Jie Jiang Dec. 1, 2023, 9:47 a.m. UTC

Parse uid and gid in bpf_parse_param() so that they can be passed in as
the `data` parameter when mount() bpffs. This will be useful when we
want to control which user/group has the control to the mounted bpffs,
otherwise a separate chown() call will be needed.

Signed-off-by: Jie Jiang <jiejiang@chromium.org>
---
 kernel/bpf/inode.c | 33 +++++++++++++++++++++++++++++++--
 1 file changed, 31 insertions(+), 2 deletions(-)

Mike Frysinger Dec. 1, 2023, 6:43 p.m. UTC | #1

Acked-by: Mike Frysinger <vapier@chromium.org>

Christian Brauner Dec. 5, 2023, 4:31 p.m. UTC | #2

On Fri, Dec 01, 2023 at 09:47:29AM +0000, Jie Jiang wrote:
> Parse uid and gid in bpf_parse_param() so that they can be passed in as
> the `data` parameter when mount() bpffs. This will be useful when we
> want to control which user/group has the control to the mounted bpffs,
> otherwise a separate chown() call will be needed.
> 
> Signed-off-by: Jie Jiang <jiejiang@chromium.org>
> ---

Sorry, I was asked to take a quick look at this. The patchset looks fine
overall but it will interact with Andrii's patchset which makes bpffs
mountable inside a user namespace (with caveats).

At that point you need additional validation in bpf_parse_param(). The
simplest thing would probably to just put this into this series or into
@Andrii's series. It's basically a copy-pasta from what I did for tmpfs
(see below).

I plan to move this validation into the VFS so that {g,u}id mount
options are validated consistenly for any such filesystem. There is just
some unpleasantness that I have to figure out first.

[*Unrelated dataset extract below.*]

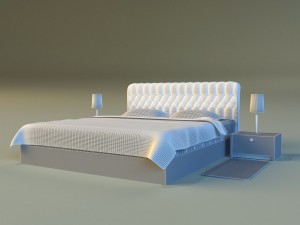 bed with a leather base Model 3D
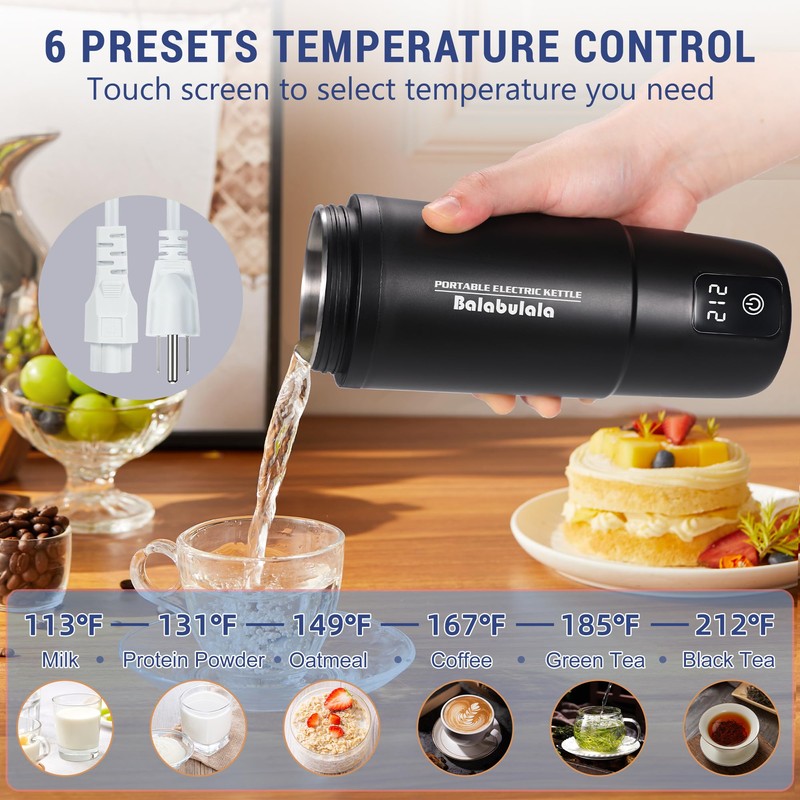 Balabulala Travel Electric Kettle, Portable Water Heater with Waterproof Silicone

@Andrii, with the {g,u}id mount option it means that userns root can

fsconfig(..., FSCONFIG_SET_STRING, "uid", "1000", ...)
fsconfig(..., FSCONFIG_SET_STRING, "gid", "1000", ...)
fsconfig(..., FSCONFIG_CMD_CREATE, ...)

If you delegate CAP_BPF in that userns to uid 1000 then an unpriv user
in that userns can create bpf tokens. Currently this would require
userns root to give both CAP_DAC_READ_SEARCH and CAP_BPF to such an
unprivileged user.

Depending on whether or not that's intended you might want to add an
additional check into bpf_token_create() to verify that the caller's
{g,u}id resolves to 0:

if (from_kuid(current_user_ns(), current_fsuid()) != 0)
        return -EINVAL;

That's basically saying you're restricting this to userns root. Idk,
that's up to you. (Note that you currently enforce current_user_ns() ==
token->user_ns == s_user_ns which is why it doesn't matter what userns
you pass here. You'd just error out later.)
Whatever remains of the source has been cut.